Pictures appear among the records below and must be omitted. Repeat exactly the lines from the line with "USA, Washington State, Poulsbo" to the line with "Holiday Birthday Gift", both included.

**Data records**
++++

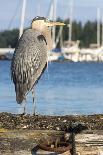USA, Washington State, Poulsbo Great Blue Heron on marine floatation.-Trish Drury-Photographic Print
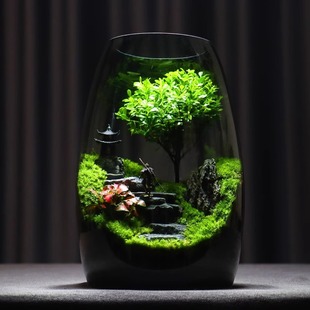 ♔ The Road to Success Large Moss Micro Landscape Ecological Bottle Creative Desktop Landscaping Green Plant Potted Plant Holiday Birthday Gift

++++

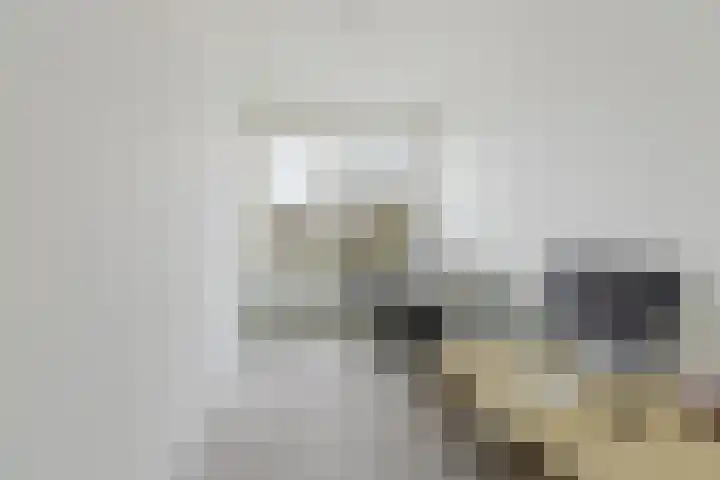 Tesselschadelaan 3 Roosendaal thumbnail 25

++++

**Answer to this problem**
USA, Washington State, Poulsbo Great Blue Heron on marine floatation.-Trish Drury-Photographic Print
 ♔ The Road to Success Large Moss Micro Landscape Ecological Bottle Creative Desktop Landscaping Green Plant Potted Plant Holiday Birthday Gift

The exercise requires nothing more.